2011 Executive Officer Incentive Plan
1. THE PLAN
1.1 Objectives. The Executive Officer Incentive Plan (EOIP) of Fuel Tech, Inc., a
Delaware corporation, (the Company), is designed to provide each Participant with financial
incentives based upon Company financial results, measured in terms of Adjusted EBITDA, Revenues and
APC Bookings. The EOIP is an annual bonus plan based on successive fiscal year performance periods
commencing January 1, 2011, with payouts based on each fiscal years performance. Capitalized
terms not otherwise defined shall have the meanings set forth in Section 4 below.

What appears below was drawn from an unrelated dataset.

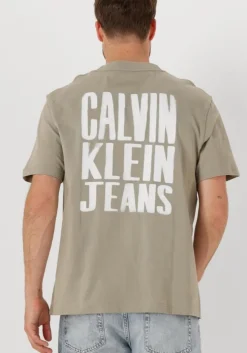 khaki calvin klein t-shirt painted calvin klein jeans tee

1.2 Plan Supersedes All Prior Incentive Compensation Programs. This EOIP supersedes and
replaces all prior cash incentive compensation programs for all Participants.
2. ELIGIBILITY
2.1 Participants. The Companys Chief Executive Officer, Chief Financial Officer,
Executive Vice President of Marketing and Sales and Executive Vice President of Worldwide
Operations shall each be a Participant in the EOIP. The Committee, in its business discretion, may
subjectively decide to designate additional full-time senior management employees of the Company to
be Participants in the EOIP after consideration of the recommendations of the Companys Chief
Executive Officer. The addition of new full-time senior management employees to the EOIP would
require modification to the EOIPs formulaic funding or payout mechanics, subject to approval by
the Committee.
Participants must be employed on the last day of a fiscal year (December 31) in order to be
eligible for a payout under the EOIP based on that fiscal years performance. No amounts will be
deemed earned or payable under the EOIP by any Participant whose employment with the Company ends
on or before the last day of the fiscal year. A Participant deemed to be eligible for a payout in
accordance with the provisions of the EOIP for a given fiscal year, need not be employed on the day
of a bonus payout under this EOIP for such fiscal year in order to be eligible for the payout.

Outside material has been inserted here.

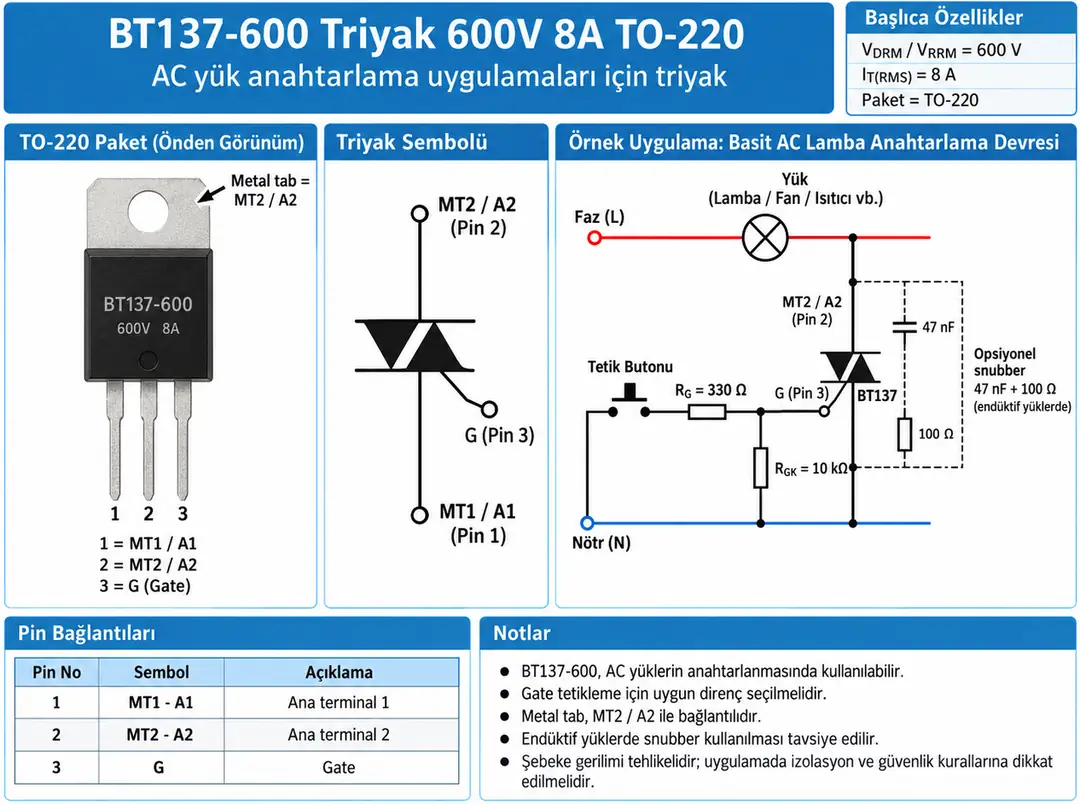 BT137-600 Triyak 600V 8A TO-220 pin dizilimi ve AC yük kontrol devresi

2.2 Involuntary Termination of Employment. Notwithstanding the preceding paragraph, if,
during a fiscal year in which the EOIP is in effect, a Participants employment with the Company is
involuntarily terminated: (a) not for cause by the Company, or (b) on account of the Participants
death, or (c) on account of the Participants disability (as that term is defined below), then to
the extent and at the time the Company determines there shall be a payout for that fiscal year
under the EOIP, the affected Participant shall be eligible for a pro rata EOIP payment (or, in the
case of death, to that employees estate) in accordance with the applicable calculations of Section
4, EOIP Payouts and subject to all the other provisions of the EOIP; provided, however, that only
the normal employee wages paid to the affected employee (as determined by the Company in its sole
discretion and excluding bonuses, allowances, paid leave, vacation or severance payments) through
that Participants separation date from the Company shall be used in such pro rata allocations.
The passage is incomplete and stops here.